The Rockefeller Foundation published a paper in 2010 titled Scenarios for the Future of Technology and International Development. The first scenario was called LOCK STEP and was described as follows: “A world of tighter top-down government control and more authoritarian leadership, with limited innovation and growing citizen pushback.”
In this scenario, a virus pandemic appeares suddenly, quickly infecting populations around the world, destroying economies by interrupting mobility of people and goods, and debilitating industries and global supply chains.
This makes it possible for government leaders to take total control over their citizens as a public-health measure – a process the people greatly disliked but are psychologically incapable of resisting, because it is done in the name of protecting them. Thus, the economies and political structures of the whole world emerge as a united totalitarian system with a resentful and unruly population but one that can be effectively controlled by new technology.
We see from this that the economic and political effects of a pandemic were being carefully studied at the Rockefeller Foundation at least as early as 2010. More recently, a pandemic simulation took place at Event 201, which was hosted by the Johns Hopkins Center for Health Security in partnership with the World Economic Forum and the Bill and Melinda Gates Foundation. This occurred six weeks before the first reported outbreak of the coronavirus. Almost to a tee, it followed the initial phase of the LOCK STEP scenario.

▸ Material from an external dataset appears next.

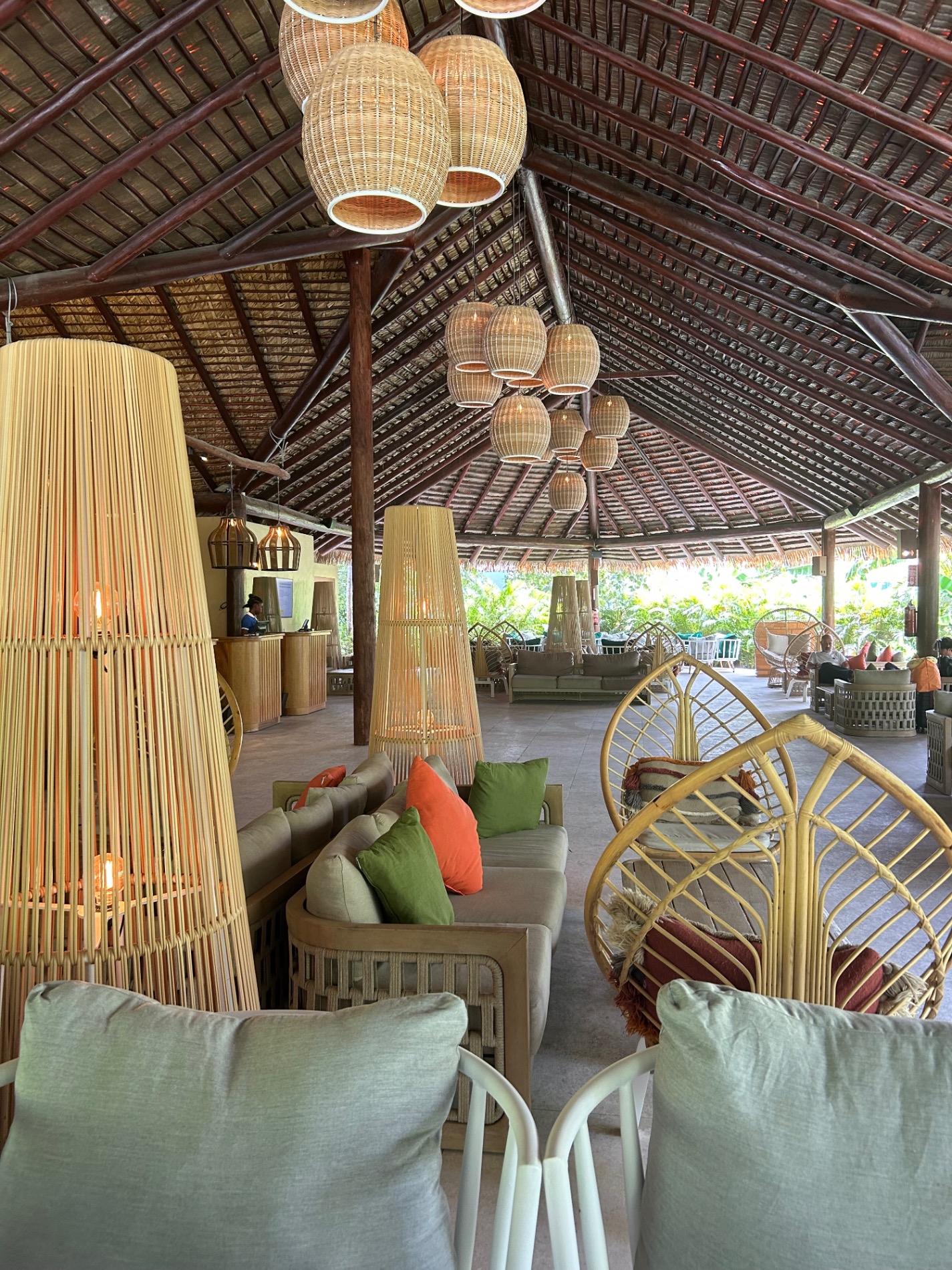 Woven basket pendant lights hanging from wooden beamed ceiling in covered resort lounge area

Now this is where it gets interesting, because it deals with the connection between the Rockefeller Lock Step scenario and the Johns Hopkins Event 201. The two organizations have a long history of collaboration ever since 1916, when the John Hopkins School of Hygiene and Public Health was founded with funding from the Rockefeller Foundation. Since then, they have become inseparable.

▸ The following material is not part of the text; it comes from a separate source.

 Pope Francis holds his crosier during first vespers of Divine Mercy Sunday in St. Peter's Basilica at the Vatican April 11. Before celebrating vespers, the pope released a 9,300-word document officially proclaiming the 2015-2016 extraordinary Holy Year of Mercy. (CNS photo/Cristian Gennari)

Some of the history of this collaboration is not pleasant. For example, In the 1940s, 750 victims filed a $1-billion lawsuit against the Rockefeller Foundation, the Johns Hopkins Hospital, the Johns Hopkins University, The Johns Hopkins University School of Medicine, the Johns Hopkins Bloomberg School of Public Health, and the Johns Hopkins Health System Corporation, alleging that they were the driving force behind human experiments in the 1940s in which vulnerable populations of Guatemalans were intentionally exposed to syphilis, gonorrhea, and other venereal diseases, without informed consent. The experiments targeted school children, orphans, psychiatric hospital patients, prison inmates, and military conscripts.

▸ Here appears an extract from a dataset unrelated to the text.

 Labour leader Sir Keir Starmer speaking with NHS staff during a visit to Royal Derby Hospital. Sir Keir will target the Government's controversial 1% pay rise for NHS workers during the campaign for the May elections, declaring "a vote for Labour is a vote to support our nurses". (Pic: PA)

Key Rockefeller and Johns Hopkins researchers involved in the Guatemala Experiments also were behind the now infamous Tuskegee experiments in which 600 impoverished African-American sharecroppers were never informed they had syphilis, and were given placebos rather than treatment.
Bill and Melinda Gates now have joined this team and, as previously stated, they co-sponsored Event 201. It is logical that they should come together on this project. All parties involved are obsessed with population reduction. The Bill and Melinda Gates Foundation granted at least $60-million to the Johns Hopkins University’s Bloomberg School of Public Health to fund the Bill and Melinda Gates Institute for Population and Reproductive Health that is located inside of the Johns Hopkins Hospital in Baltimore. In their dictionary, reproductive health means drastically reducing the birth rate.
None of this proves ill intent of these parties, but it does (or should) sound the alarm to be cautions when these people and their organizations ask us to trust their judgment and leadership in a health experiment called vaccines, most of which never have been tested for safety and all of which are loaded with toxins known to reduce fertility and shorten lifespan. Could that be a covert way of reducing the population? Think about it.